Maximiliano, Miramón y Mejía

«Después de un mes de cautiverio y varios días deliberando, el 16 de junio de 1867, el consejo de guerra condenó a muerte a Maximiliano, Miramón y Mejía y dispuso que la ejecución se llevara a cabo a las tres de la tarde. Los hombres se dispusieron a morir pero en el último instante se pospuso la ejecución para el día 19 por la mañana. La agonía se prolongó tres días más.

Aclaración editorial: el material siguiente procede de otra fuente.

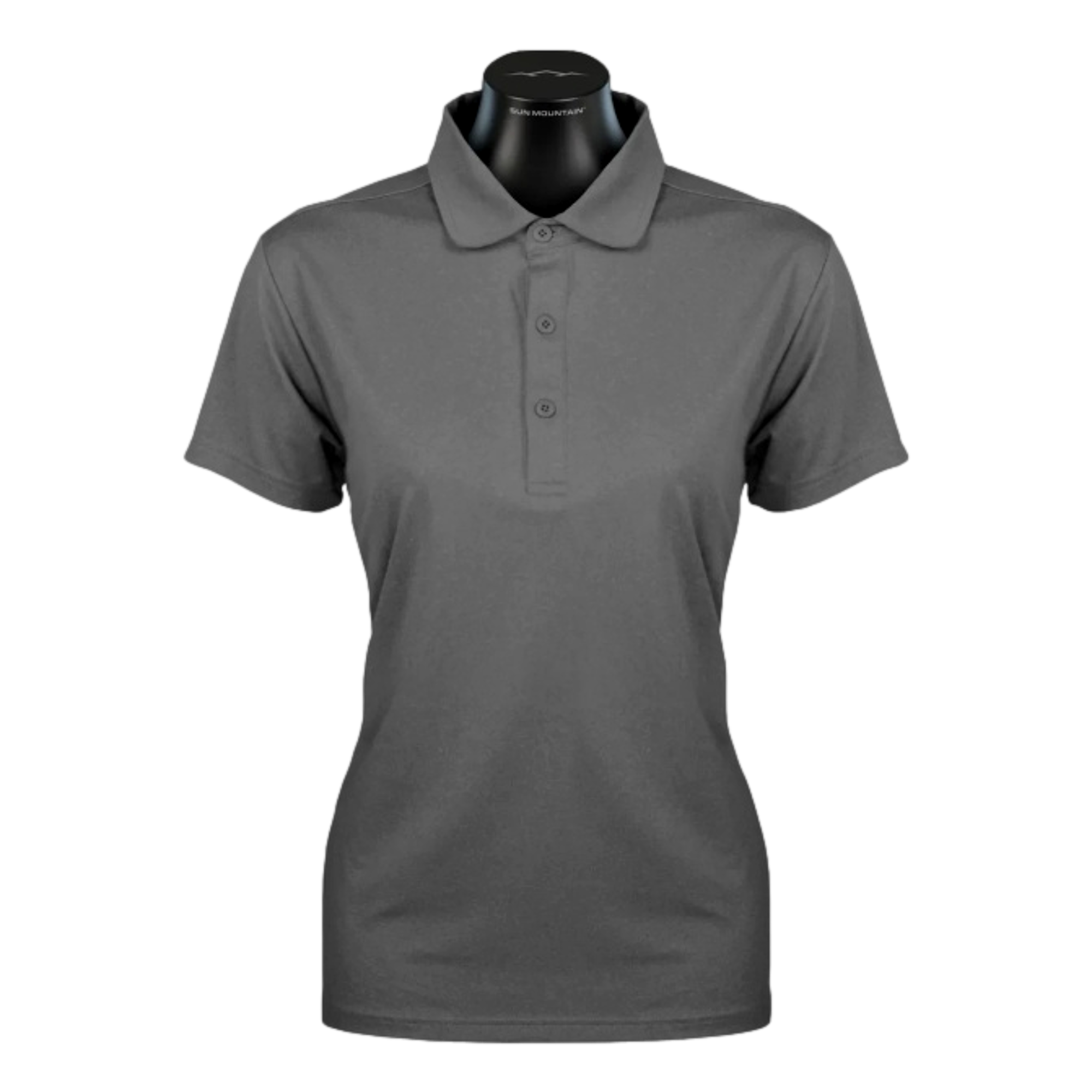 Silvertip  Polo Women's Short Sleeve Golf Polo Shirt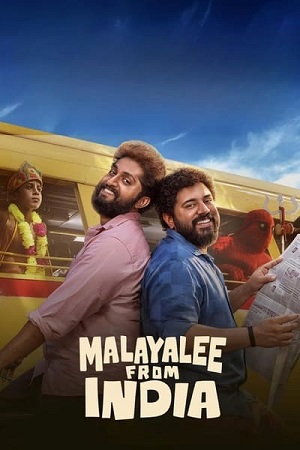 Malayalee from India 2024 Dual Audio Hindi ORG 5.1 & Malayalam WEB-DL 480p 720p 1080p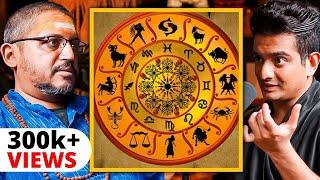 Astrological Predictions About India’s Future - Rajarshi Nandy & @beerbiceps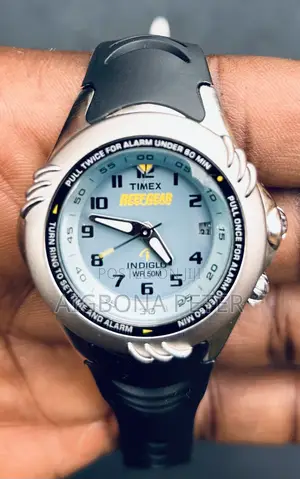Timex Reefgear Watch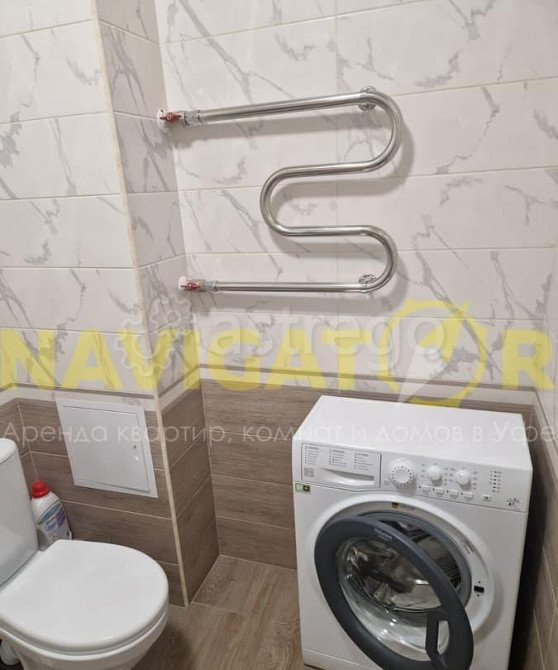 2-комн. квартира, 57 м2, 3/8 эт. Уфа - изображение 5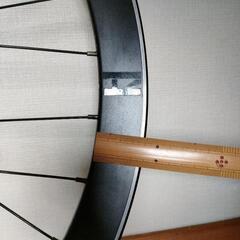 H PLUS SON ホイール　700c ピスト　デュラエースハブ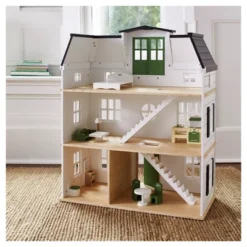 Toy Doll Townhouse With Furniture - Hearth & Hand™ With Magnolia -Dream house GUEST d6632e0d b5f1 4bbe b1e9 2574f918fd6d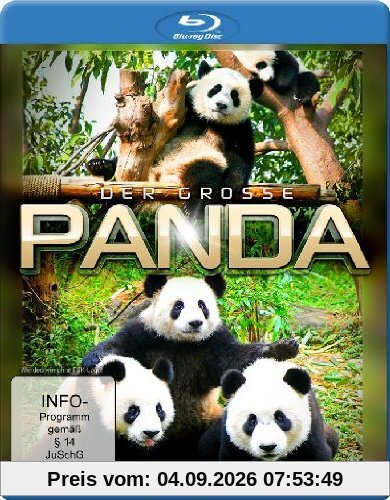 Der große Panda [Blu-ray]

«Cerca de las 4 de la mañana del 19 de junio, los tres hombres se prepararon nuevamente para morir. Escucharon misa y con asombrosa tranquilidad desayunaron pollo, pan, café y media botella de vino tinto. Los tres hombres salieron de convento de Capuchinas donde se encontraba su prisión y subieron a los carruajes. Al salir, Maximiliano observó el cielo y exclamó: “¡En un día tan hermoso como éste quería morir!” Sin quererlo, Juárez se lo había concedido.» (pp. 87-88)

Benito Juárez

«De acuerdo con las crónicas de la época, ningún otro funeral conmovió tan profundamente a la sociedad capitalina como el de Benito Juárez. El cuerpo permaneció expuesto varios días en Palacio Nacional, miles de personas acudieron para darle el último adiós al hombre que había cincelado su propia memoria a lo largo de 14 años en la Presidencia.» (p. 100)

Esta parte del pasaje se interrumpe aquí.